TASK INPUT
================

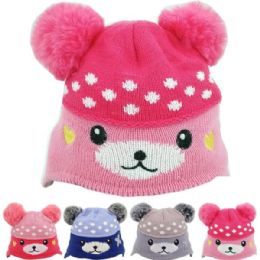 24 Pieces Kid's Bear With Hat Winter Hat - Junior / Kids Winter Hats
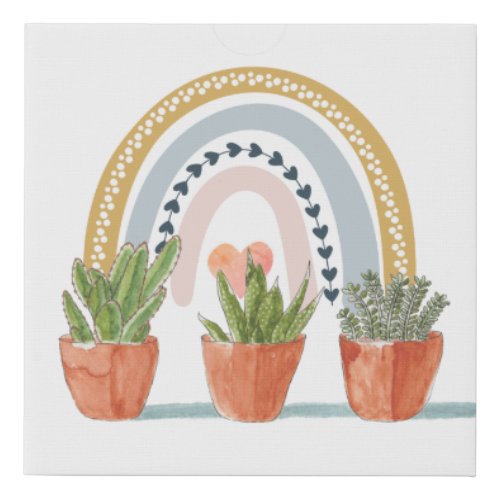 Nursery Boho Watercolor Rainbow Cactus Plants Faux Canvas Print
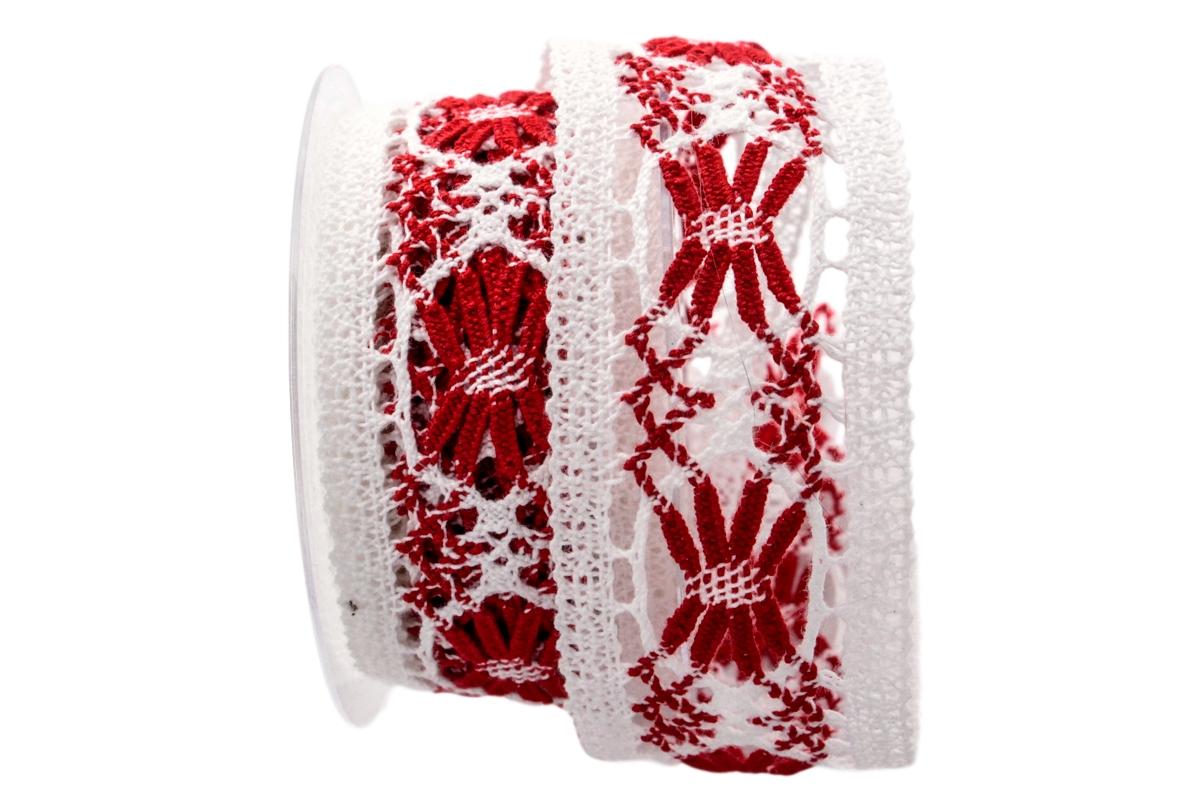 Dekoband Spitze weiß / rot 50mm ohne Draht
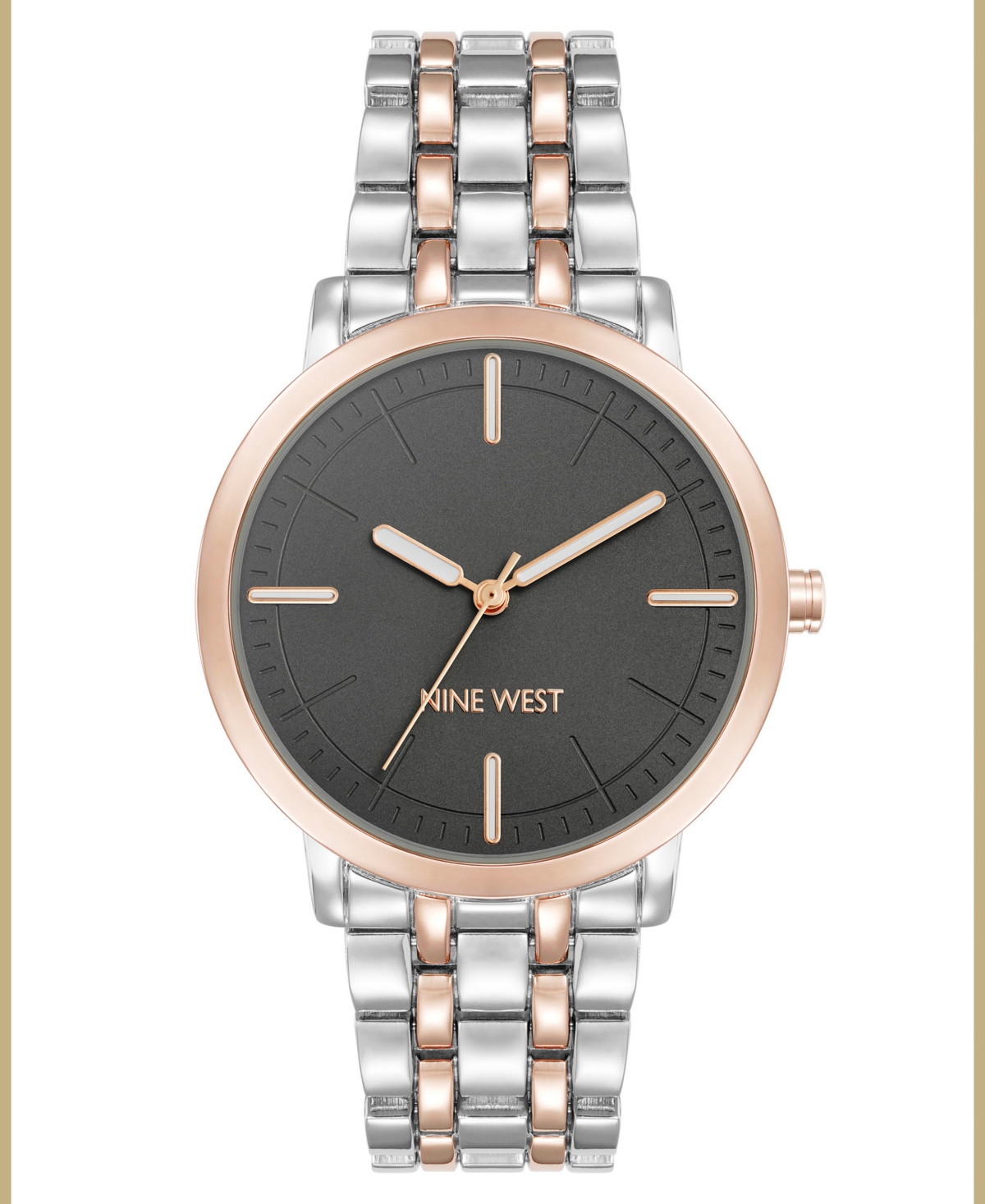 Women's Quartz Gray and Two-Tone Metal Alloy Bracelet Watch, 36mm - Gray, Silver-Tone, Rose Gold-Tone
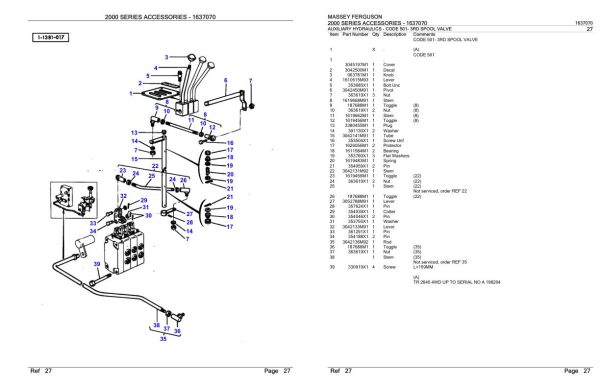 Massey Ferguson 2000 Series Accessories Parts Catalog 1637070 1
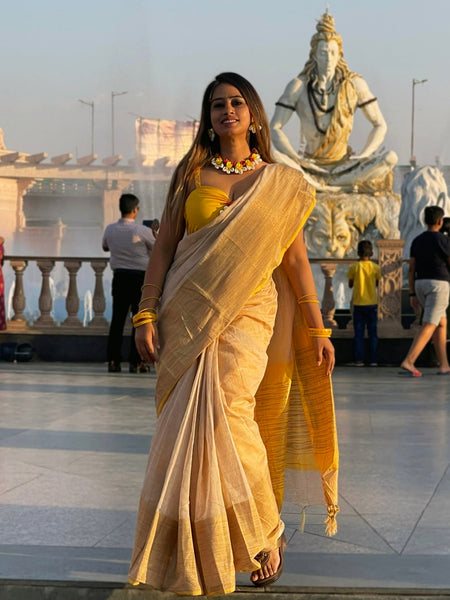 Megha Rathod In Blended Linen Saree. Available In 5 Different Palla And Border Colours.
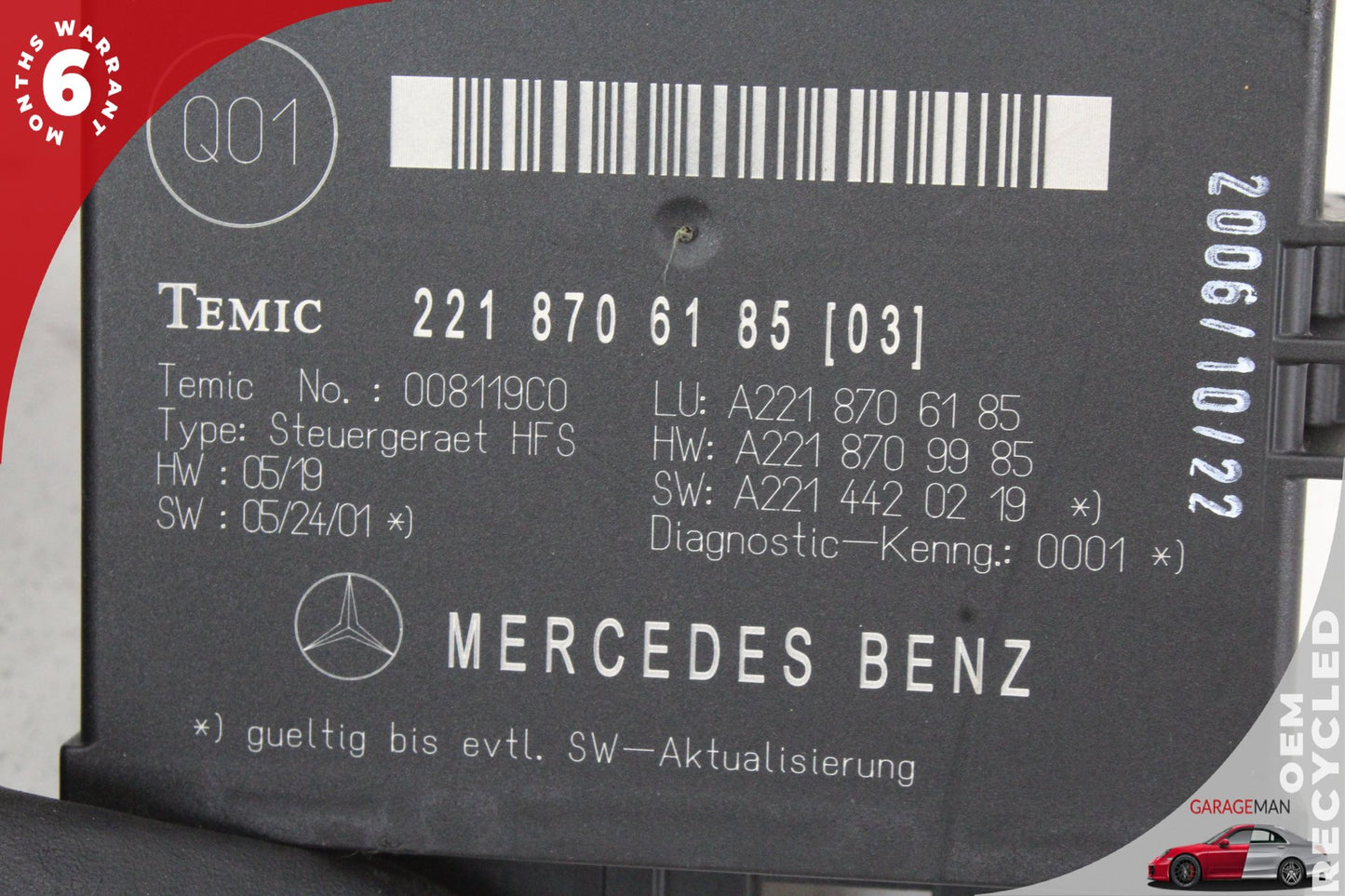 2007-2009 Mercedes W221 S550 Trunk Release Remote Open Close Module Unit OEM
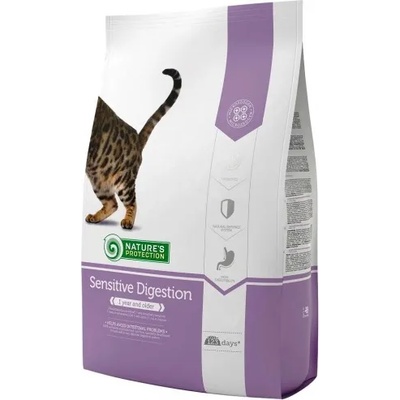 Nature's Protection CAT - Sensitive Digestion, висококачествена храна за пораснали котки над 1 година, за добро храносмилане и капризни животни, Литва - 2 кг
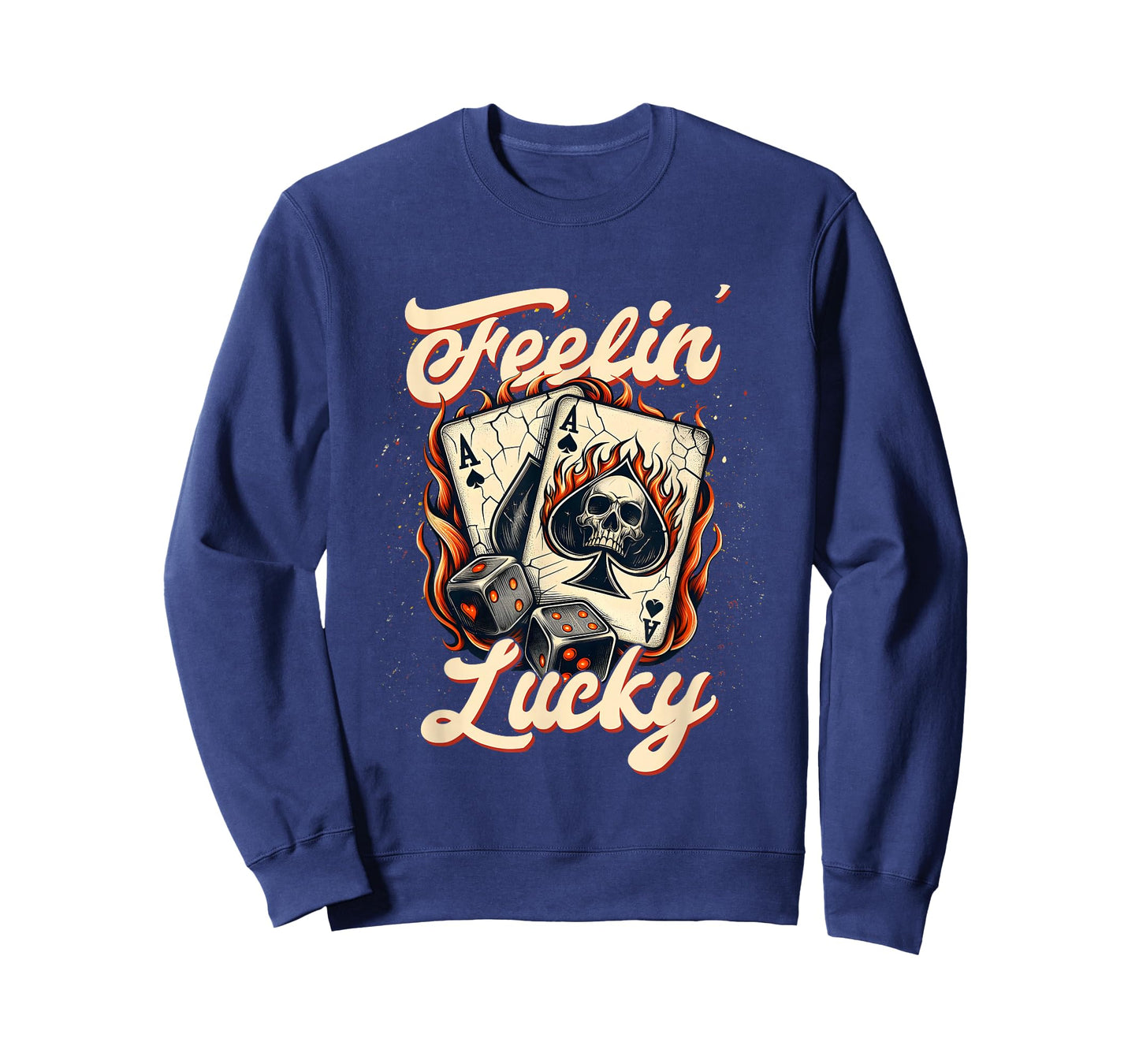 Feelin Lucky Gambling Casino Cards and Dice, Cards Skul T-Shirt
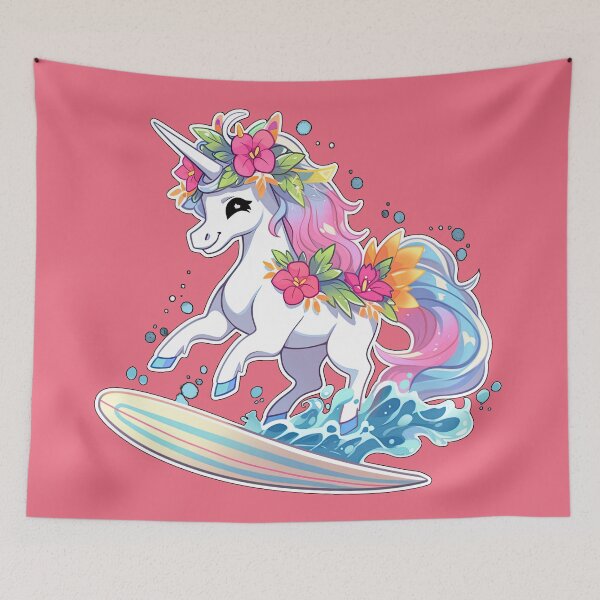 Item preview, Surfing happy unicorn designed and sold by obstinator.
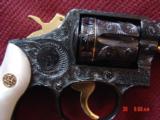 Smith & Wesson 10-5,rare 2" barrel,fully deep hand engraved with 24K gold accents by Flannery engraving,Pearlite grips,circa 1960's-a true wo - 2 of 15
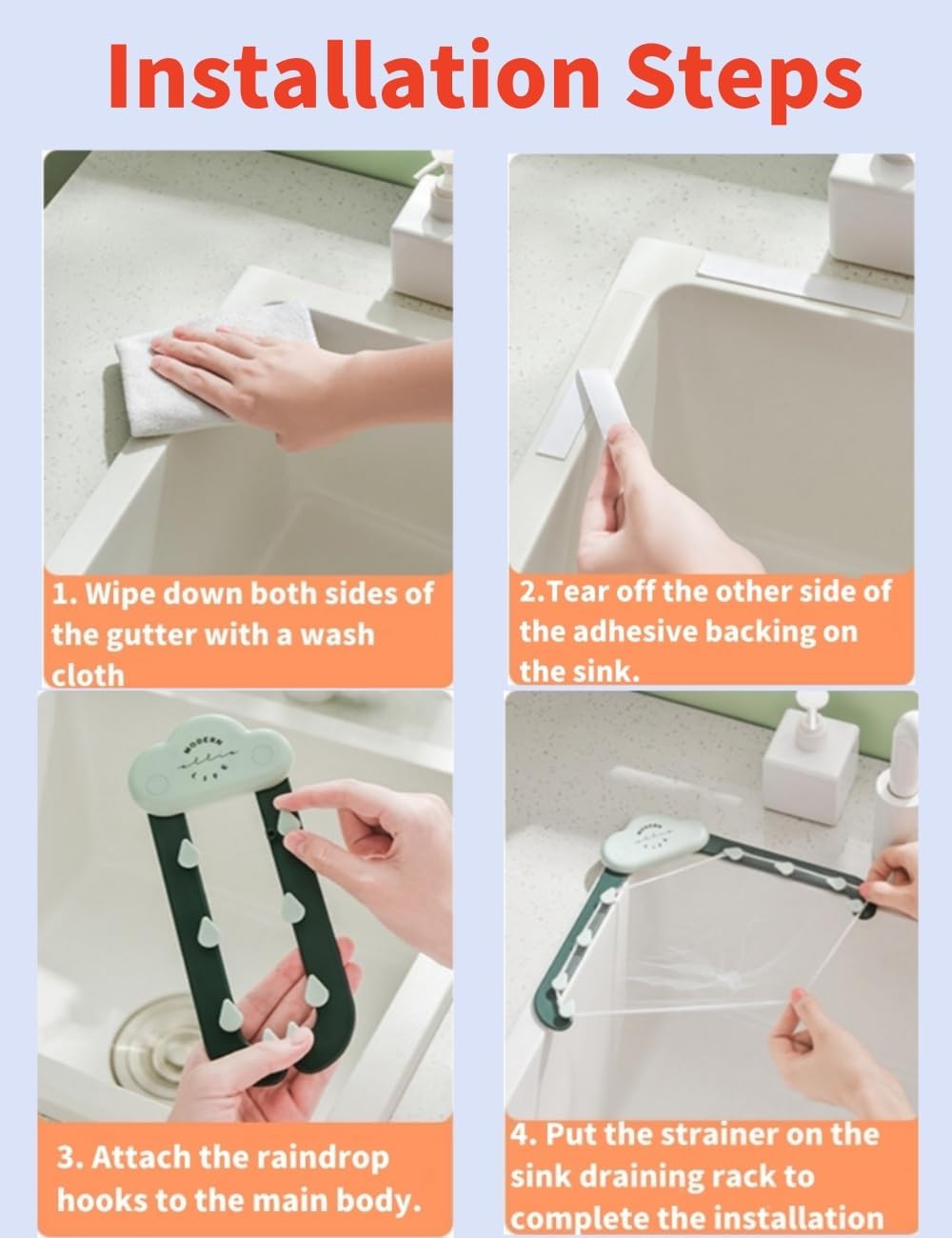 QIMMYGS Corner Sink Strainer with 100 Bags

================

TASK REQUIREMENTS
Above are some entries; copy exactly the lines from the line with "Massey Ferguson 2000" through the line with "Item preview, Surfing", both included, but none of the pictures.

RESULT OF THIS TASK
 Massey Ferguson 2000 Series Accessories Parts Catalog 1637070 1
 Megha Rathod In Blended Linen Saree. Available In 5 Different Palla And Border Colours.
 2007-2009 Mercedes W221 S550 Trunk Release Remote Open Close Module Unit OEM
 Nature's Protection CAT - Sensitive Digestion, висококачествена храна за пораснали котки над 1 година, за добро храносмилане и капризни животни, Литва - 2 кг
 Feelin Lucky Gambling Casino Cards and Dice, Cards Skul T-Shirt
 Item preview, Surfing happy unicorn designed and sold by obstinator.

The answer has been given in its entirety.